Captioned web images
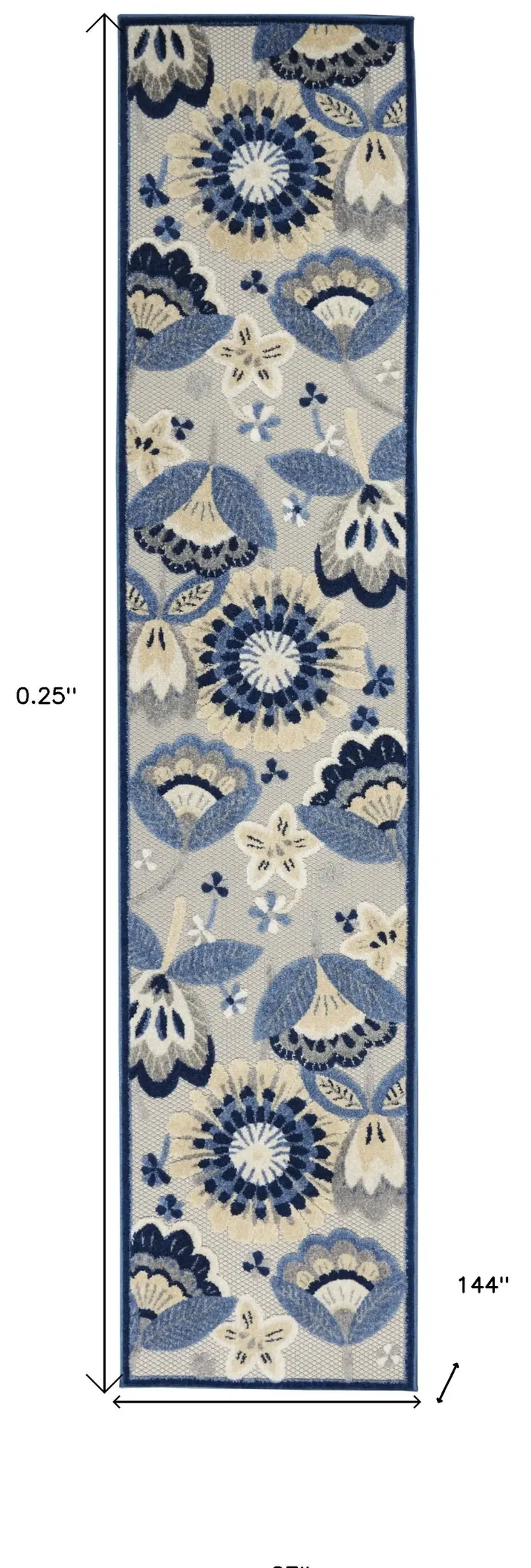 2' X 12' Floral Non Skid Outdoor / Indoor Runner Rug - Blue / Gray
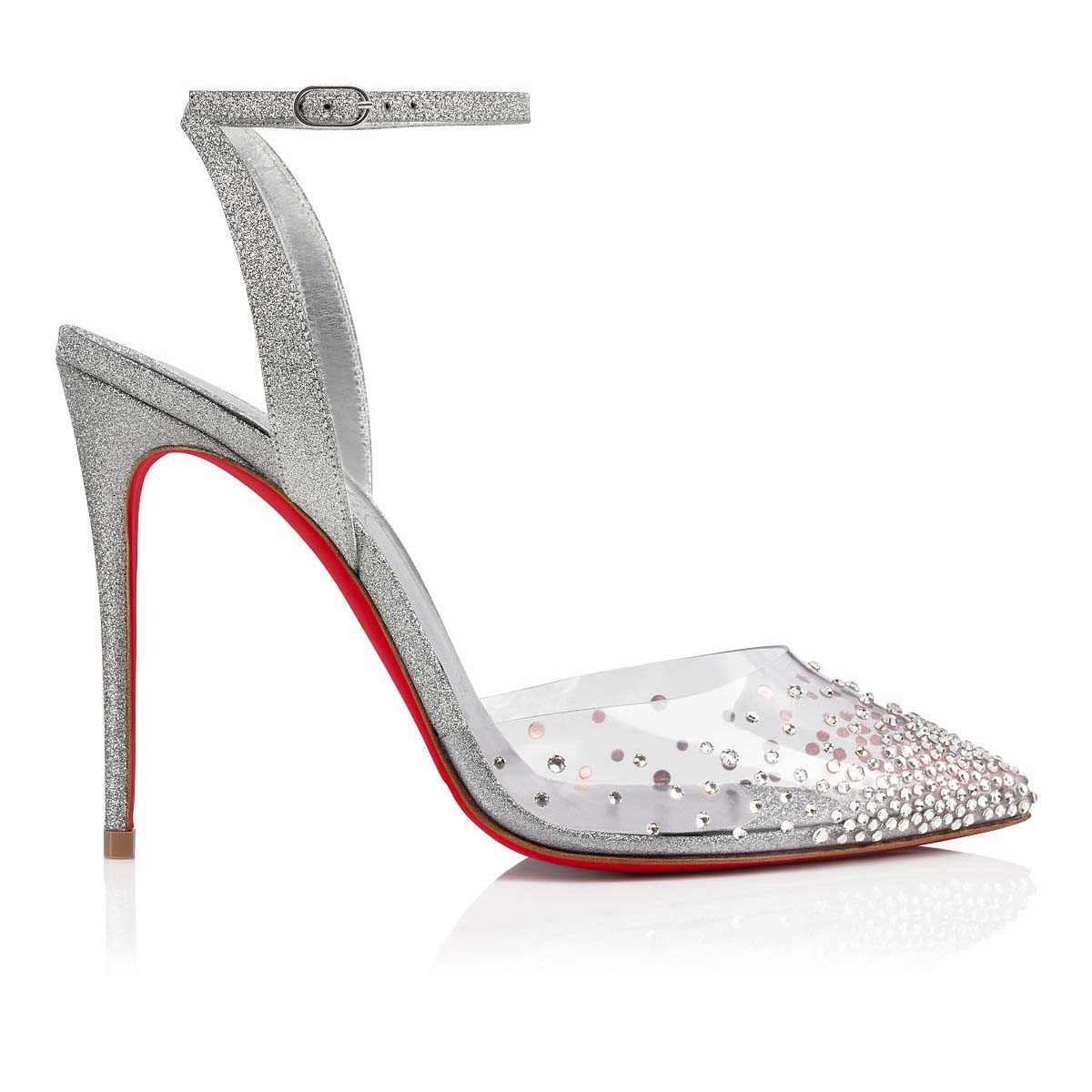 Spikaqueen 100 mm PVC Calf Leather and Strass Silver Pumps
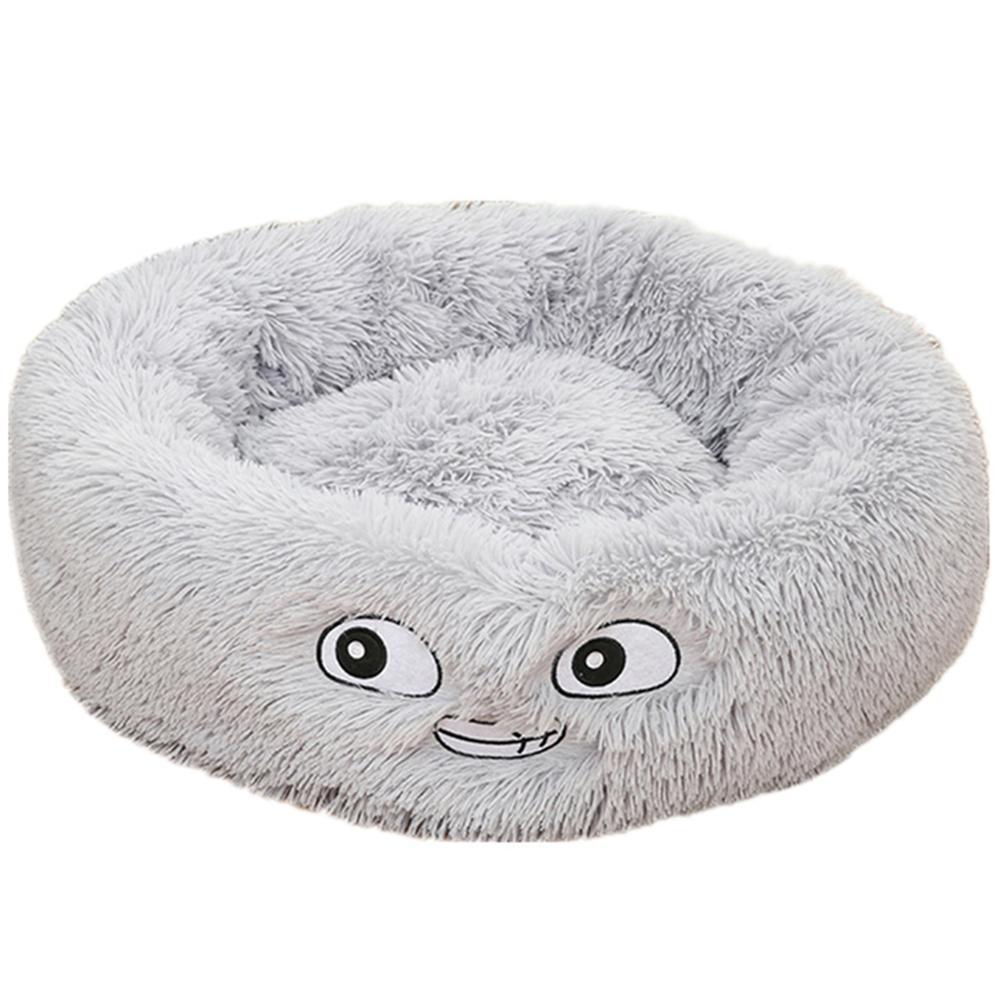Round Plush Dog Bed - Calming Pet Nest for Small Dogs & Cats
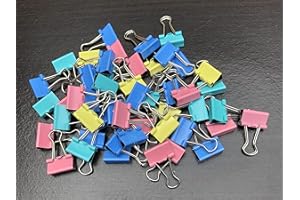 SHINEONE 15mm Small Assorted Design Foldback Clips Paper Binder Clamps Clips Colour 60 Pcs
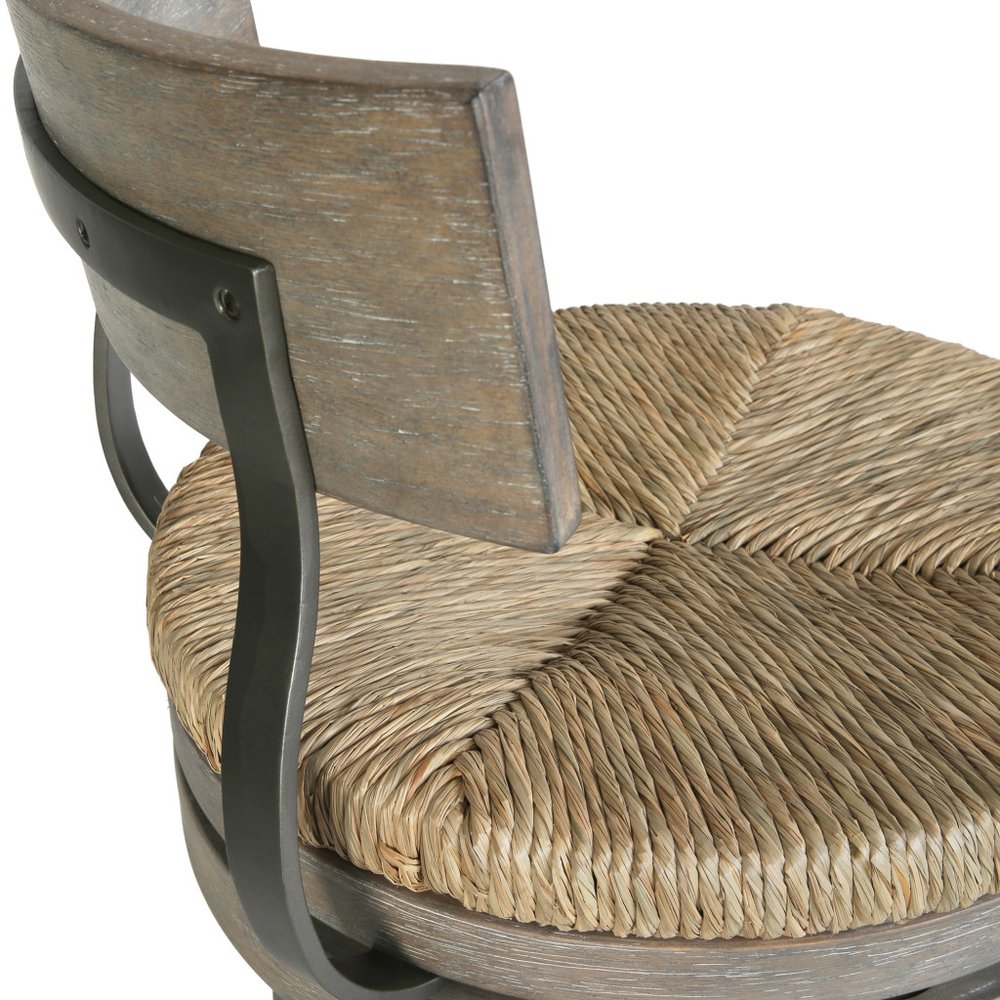 42" Gray Wood and Rattan Half Back Swivel Bar Chair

WHAT YOU WILL DO
Each record must be repeated exactly, and no picture may be carried over.

TASK RESULT
 2' X 12' Floral Non Skid Outdoor / Indoor Runner Rug - Blue / Gray
 Spikaqueen 100 mm PVC Calf Leather and Strass Silver Pumps
Round Plush Dog Bed - Calming Pet Nest for Small Dogs & Cats
 SHINEONE 15mm Small Assorted Design Foldback Clips Paper Binder Clamps Clips Colour 60 Pcs
 42" Gray Wood and Rattan Half Back Swivel Bar Chair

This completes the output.